Computationally a connected graph is prohibitive, as it means that all nodes are communicating. Worse so adding an extra node will result in adding \(n\) edges. Furthermore, in the case of \(A\) being a sparse matrix we lose the sparsity when the connected graph of \(UV^\top\) is added. Thankfully, forming the product \(UV^\top\) can be circumvented by introducing an auxiliary variable \(\alpha\) so that
\[ Ax + U\left(\underbrace{V^\top x}_{\alpha}\right) = Ax + U\underbrace{\alpha}_{V^\top x} = b. \]By explicitly writing out the relation \(\alpha = V^\top x\) as \(V^\top x - \alpha = 0\) (so that the unknowns \(x\) and \(\alpha\) are on the same side) we get the following linear system
\[ \begin{bmatrix} A & U \\ V^\top & -I \end{bmatrix} \begin{bmatrix} x\\ \alpha \end{bmatrix} = \begin{bmatrix} b \\ 0 \end{bmatrix}. \]In the above system the sparsity of \(A\) can be utilized, with the cost of adding the low-rank term being the addition of dense rows (\(V^\top\)) and columns \((U)\) and a diagonal matrix \(-I\). For even modestly sized matrices the above representation comes with a significant reduction in memory usage and computational time.
The introduced auxiliary variables (\(\alpha\)) can be viewed as simply adding additional nodes to the graph, and then letting the nodes "communicate" through these artificial nodes instead of to the other nodes directly. The reason why is possible is that a low-rank matrix represents that all flow in a graph is proportional.
In the case of \(A\) being diagonal and \(U\) and \(V\) being vectors, then the auxillary variable approach can be visualized as. In general one would need to add an extra node for each column in \(U\) (or \(V\)) and had \(A\) not been diagonal, then the edges stemming from its sparsity pattern would also be observed in the above graph.
An analogical explanation of why low-rank additions has a structure that can be utilized for efficient computations is through prices of items in different currencies. Let \(x\) represent the number of items to buy, then the following analogous are true:
\(V\) are the prices of items (each column is a different currency).

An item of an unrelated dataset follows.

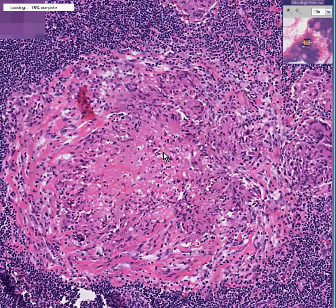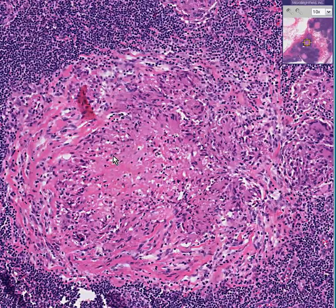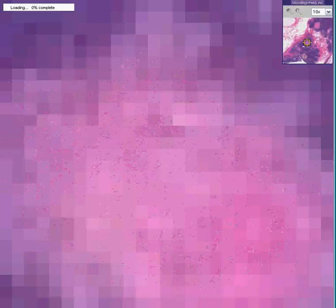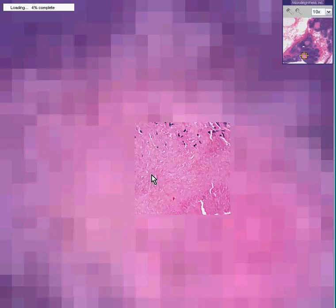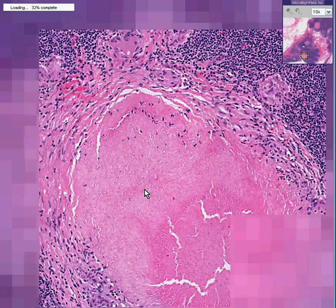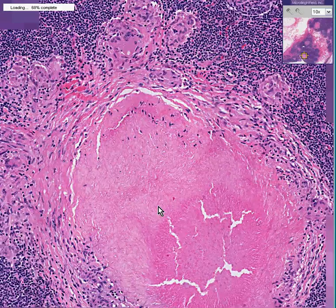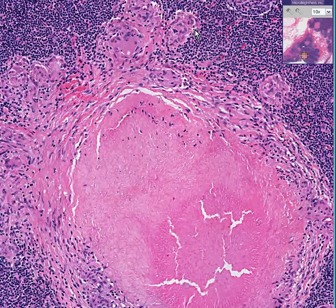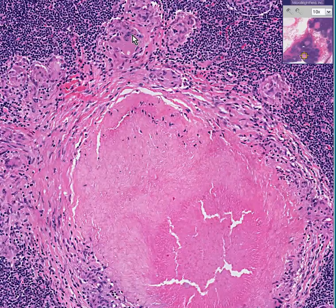In this smaller granuloma, I might have a hard time convincing you that this was necrosis in the center. But if you go to the larger granulomas, you can see clearly this is a necrotizing, or centrally necrotic, or caseating center inside of this granuloma, which is surrounded by fibroblasts, histiocytes, lymphocytes, and many classical multinucleated giant cells.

\(U\) is the exchange rates of the prices given in \(V\) to other currencies.
\(UV^\top\) is prices of buying the items in the prices of \(V\) in the various currencies of \(U\).
\(U(V^\top x)\), states that we should first compute the total price of buying \(x\) items in the currencies of \(V\) (\(V^\top x\)) and then convert the total prices to the correct currencies described by exchange rates of \(U\). Notice that this is what anyone would do in practice.
The additional matrix \(A\) denotes some specific pricing differences between the countries for every item (taxations, import fees, shipping fees, etc.).